With pictures omitted, copy exactly the lines from the one containing "Asiendo las tradicionales" through the end of the records below.

(Entries taken from a collection)
▶

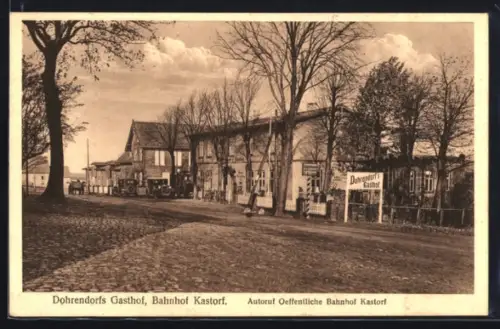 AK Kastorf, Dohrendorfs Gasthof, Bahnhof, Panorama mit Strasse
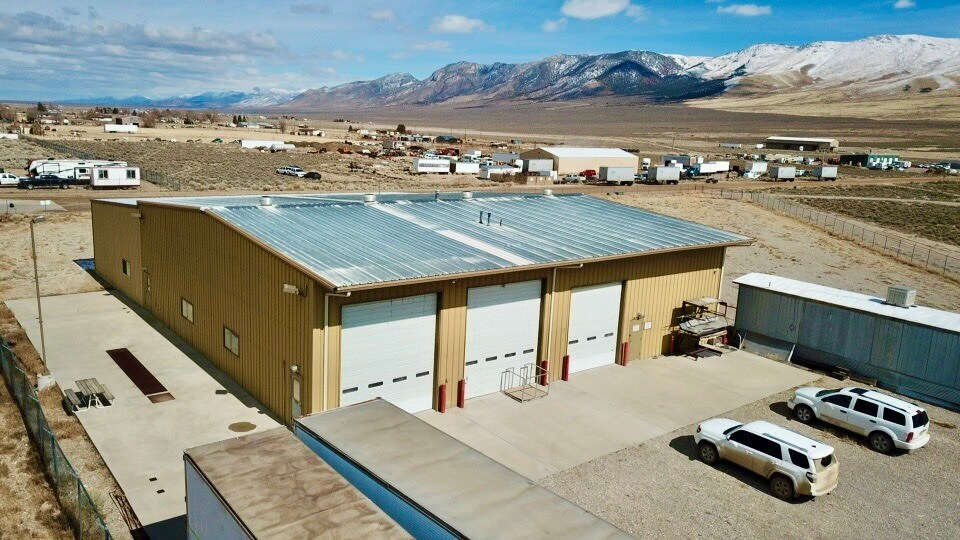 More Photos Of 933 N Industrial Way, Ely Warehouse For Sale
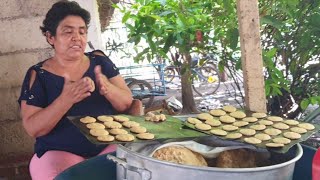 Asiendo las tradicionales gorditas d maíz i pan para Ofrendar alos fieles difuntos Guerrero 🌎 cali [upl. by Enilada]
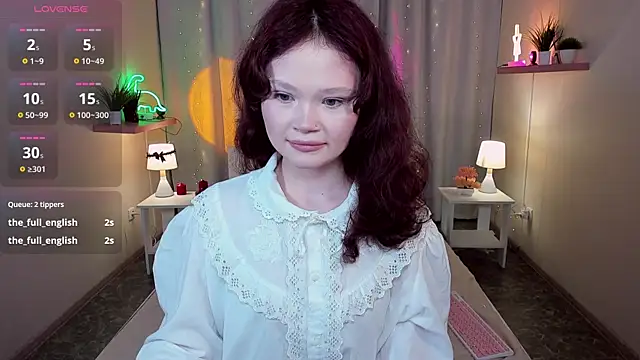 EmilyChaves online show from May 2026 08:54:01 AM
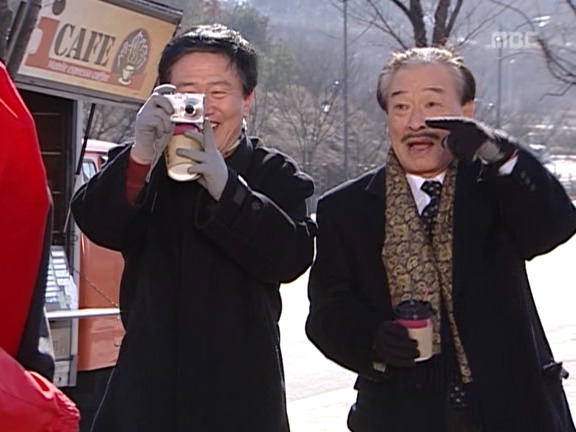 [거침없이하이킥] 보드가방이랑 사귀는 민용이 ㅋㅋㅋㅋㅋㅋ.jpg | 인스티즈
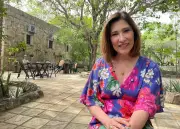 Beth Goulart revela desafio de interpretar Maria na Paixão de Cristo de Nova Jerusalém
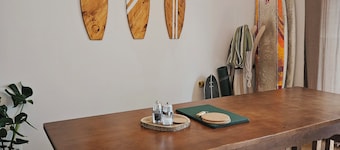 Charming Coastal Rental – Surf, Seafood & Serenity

◀

SOLUTION FOR THIS TASK:
 Asiendo las tradicionales gorditas d maíz i pan para Ofrendar alos fieles difuntos Guerrero 🌎 cali [upl. by Enilada]
 EmilyChaves online show from May 2026 08:54:01 AM
 [거침없이하이킥] 보드가방이랑 사귀는 민용이 ㅋㅋㅋㅋㅋㅋ.jpg | 인스티즈
 Beth Goulart revela desafio de interpretar Maria na Paixão de Cristo de Nova Jerusalém
 Charming Coastal Rental – Surf, Seafood & Serenity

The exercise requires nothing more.